Instrumental Illness

I think I want some bagpipes. And a harp. (And not just some pansy beginner harp… I want one of those totally gawdy, ornate and beautiful monstrosities of an instrument.) I have no idea how to play either one, and from what I understand, they’re both ridiculously difficult instruments to learn how to play correctly. But... so what? I didn’t say I was going to learn how to play them properly; I have neither the time nor the inclination to undertake such a tedious venture. But with that being said, I don’t feel that I need to be technically knowledgeable and completely educated about something in order to use it. Do I need to know how to build a car from scratch in order to feel like I can drive around town listening to The Carpenters Greatest Hits at full volume with the windows down? No, I just run with it. I have a vehicle, and I’m not afraid to haphazardly jump behind the wheel and make an ass of myself if it’s fun for me.
That’s the way my brain works in terms of musical ability. Whether it’s a road that I love to drive down already, or whether it’s driving around somewhere I’ve never been and getting lost, they’re both adventures. Through both formal instruction and independent study, I’ve learned more proper music theory than many people who are much better technical musicians than myself… and then I promptly flushed it down the toilet of my mind. Why? Because I personally don’t need to know how to build the engine from scratch, I just want to go for a cruise and have fun. I’m very glad that there are people who know the nuts and bolts inside and out, but I don’t feel like that’s my role in life. Everything can be looked at in such a scientific way, that it makes me feel like the adventure is gone if I start to understand it too efficiently.

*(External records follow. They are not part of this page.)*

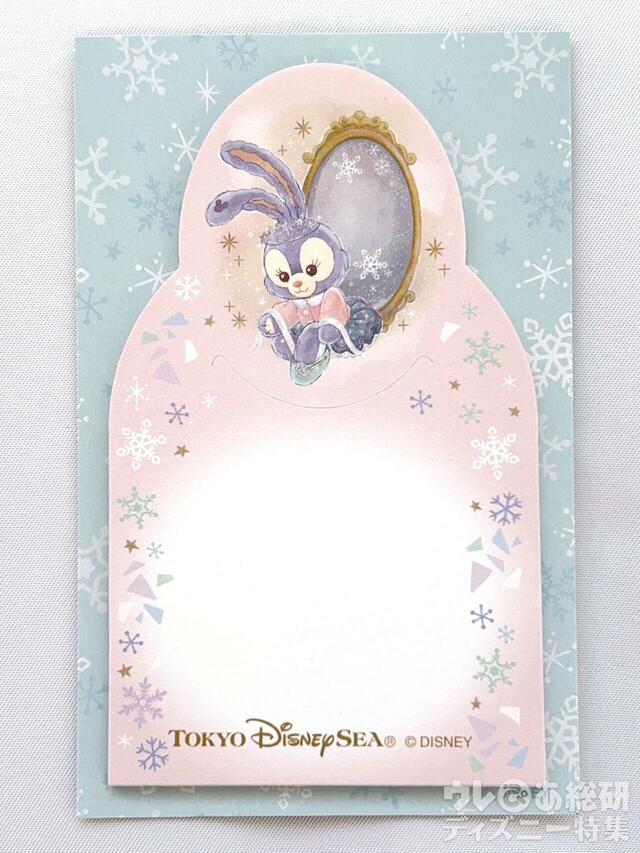 縦約10cm、横約6cmの淡いピンクのメモ。「ダッフィー＆フレンズのダンシング・スノーフレークス」付箋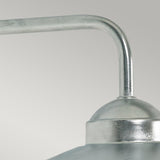 Close-up of the Vansbro Outdoor 1 Light Wall Lantern in silver, featuring a curved arm and dome-shaped shade in an industrial metallic style. Its brushed finish resembles galvanized steel, set against a simple light gray backdrop.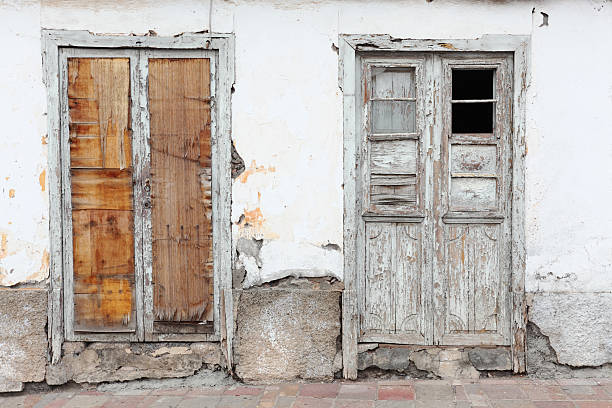 two worn out doors in white spanish housing facade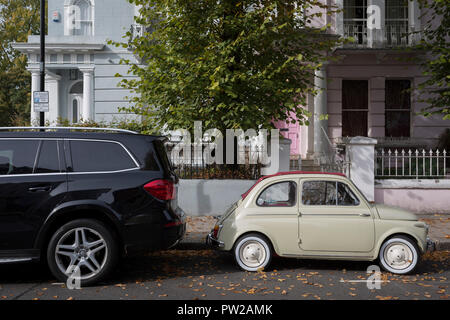 Un gros 4x4 SUV voiture garée derrière une beaucoup plus petite Fiat 500 parmi les feuilles d'automne sur Elgin Crescent à Notting Hill, le 7 octobre 2018, à Londres, en Angleterre. Banque D'Images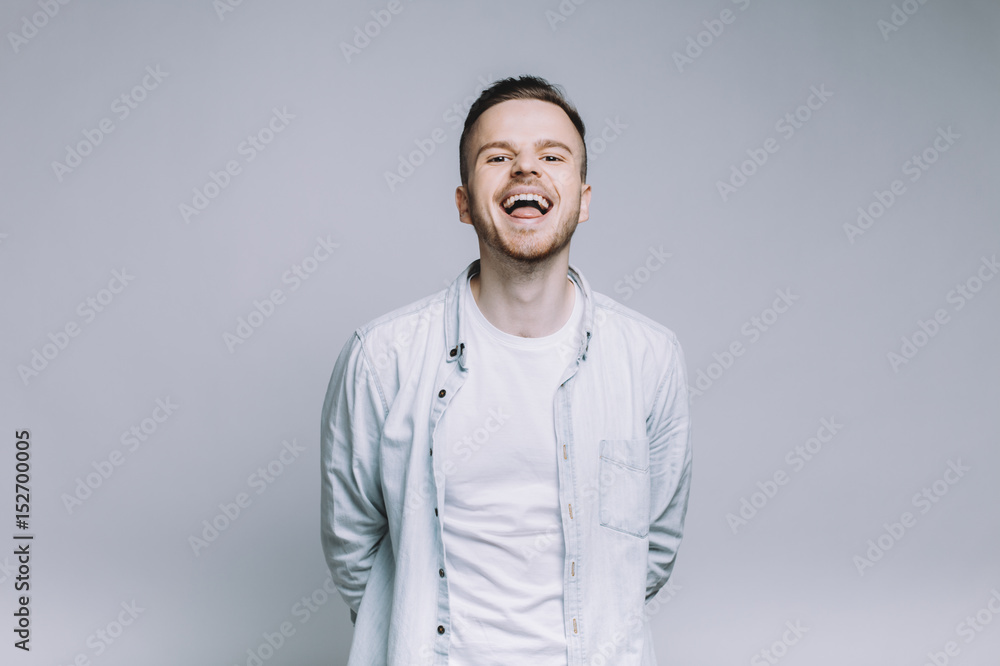Standing smiling young man with beard in a white shirt Standing smiling young man with beard in a white shirt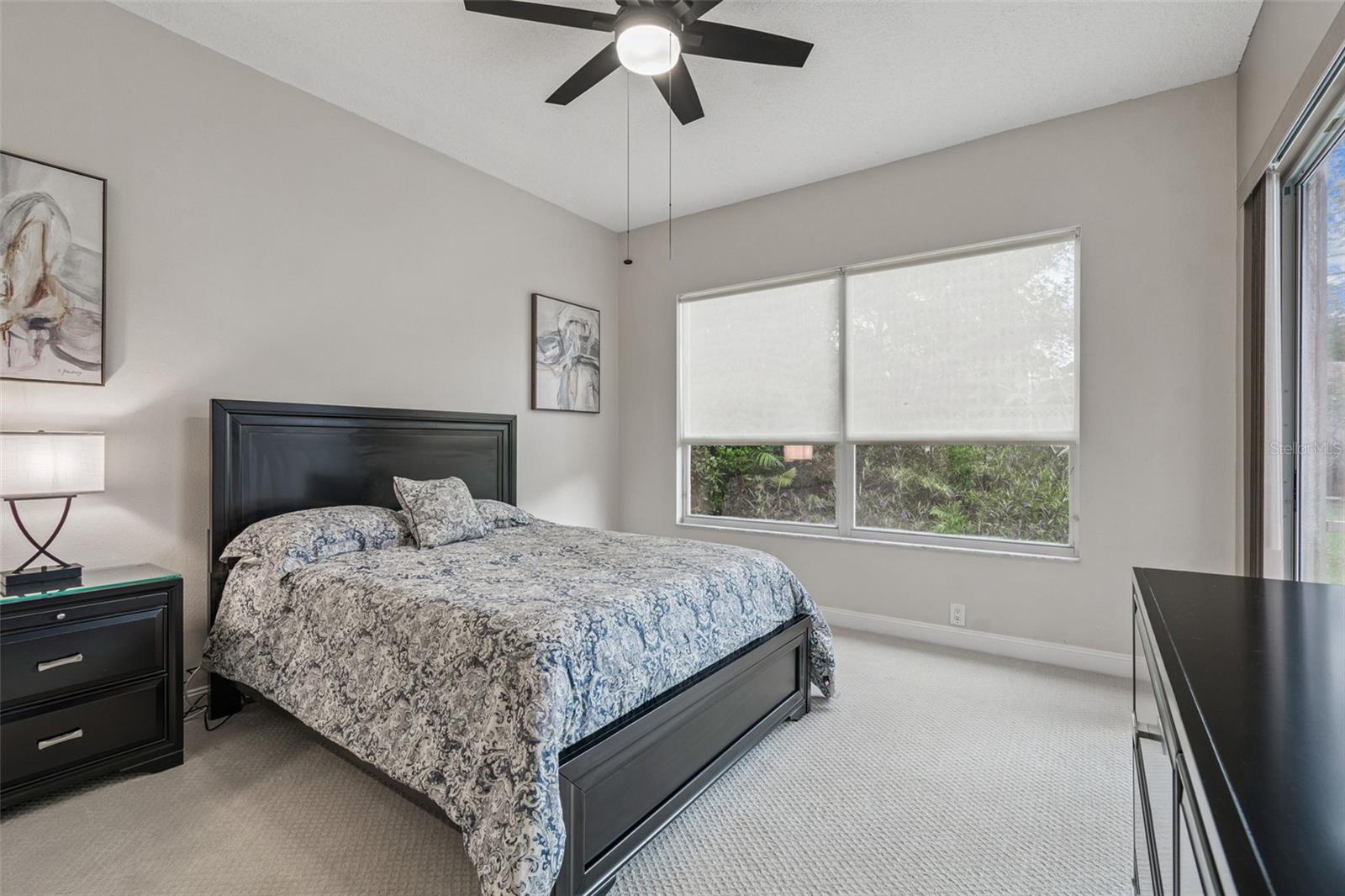 Owners bedroom suite with backyard views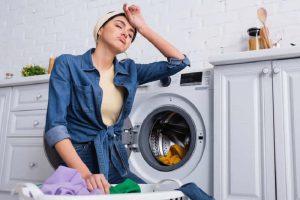 علت داغ شدن ماشین لباسشویی چیست؟ + ۱۰ علت آن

I’ve heard so many stories over the years of people taking music lessons and abandoning them soon after, because.. well, it quickly turns into work. I did it for the first time when I took piano lessons as a kid. While I do think it helped cultivate my appreciation for music in general and it gave me the confidence to know that I was capable of doing it, it didn’t last long and none of it ever stuck. Because looking at a piece of paper and having all my practice translate into me playing “She’ll Be Coming ‘Round the Mountain” wasn’t exciting to me. Quite frankly, that song sucks ass. It always has, as have most of the staples of beginning music instruction. I wanted to play the piano, but even at that age, I couldn’t possibly have given a rat’s ass less about whether I would ever play that song correctly. But to get to more interesting material, I needed to master the least interesting things imaginable first. I didn’t have the fortitude to keep up with it as a young lad, and looking back on it, I’m so glad.
I’m also glad that when the time came that I wanted to pick up a guitar a few years later, I decided not to take traditional lessons. Looking back at it now, I’d say it would have been about a 50/50 chance that I would have quit that too. I wanted to learn to play Nirvana songs, and playing “Mary Had A Little Lamb” to perfection before I could do it very well might have dulled the sharp edge of my youthful musical passion. Instead, I did it by myself. I started with Nirvana’s cover of David Bowie’s “The Man Who Sold The World” from their Unplugged album. That single note guitar line is actually simpler than “Mary Had a Little Lamb”, but somehow it was so much more rewarding to me when I was able to play it along with the recording. After I had perfected the single-note line, I turned my attention to the chords themselves. I bought a tab-book for the album and figured it out, and played along with that song for hours on end until I got it.

At this point I feel like I’m at risk of deriding the idea of music lessons, which is certainly not my intention. I think music lessons are a great thing, as long as they are undertaken with some kind of relevant context in mind. I’ve never given a musical lesson, but I can tell you that if I ever do, it will be from a very personal and very individualized perspective based on the student. What kind of sounds does the student hope to make? If you make that happen, it’s the possibility of igniting a lifelong growing process. If you just buy a “How to play crappy songs that are familiar, but no one actually likes them” book and build a lesson-plan from that (and charge $30+ an hour), it’s a recipe for disinterest. It’s so simple, yet such a rare point of view.

Anyway, back to the original point. I have an accordion, and I have no idea how to play it. But if you’re a fan, you WILL hear it at some point because I have fun playing with it. I don’t know how to play the harmonica either, and it can actually be heard faintly in the background on a few tracks on the first album. I got a cheap set of harmonicas and did just enough to be able to do what I wanted to do at the time. If I put my mind to it, I believe I could be a good harmonica player.. but I’m ok and at terms with where I am. I guess what this is all leading to, is the point that you don’t have to fully master something if mastery is not what you hope to achieve. But if you want to be great at something, do it.

Musically or otherwise, just do what makes you happy. If you accomplish that, the rules of success are re-written for you every day as you proceed in life. If you pick someone else's mold and stick yourself in it, you already know what you’re going to be. Where’s the adventure in that?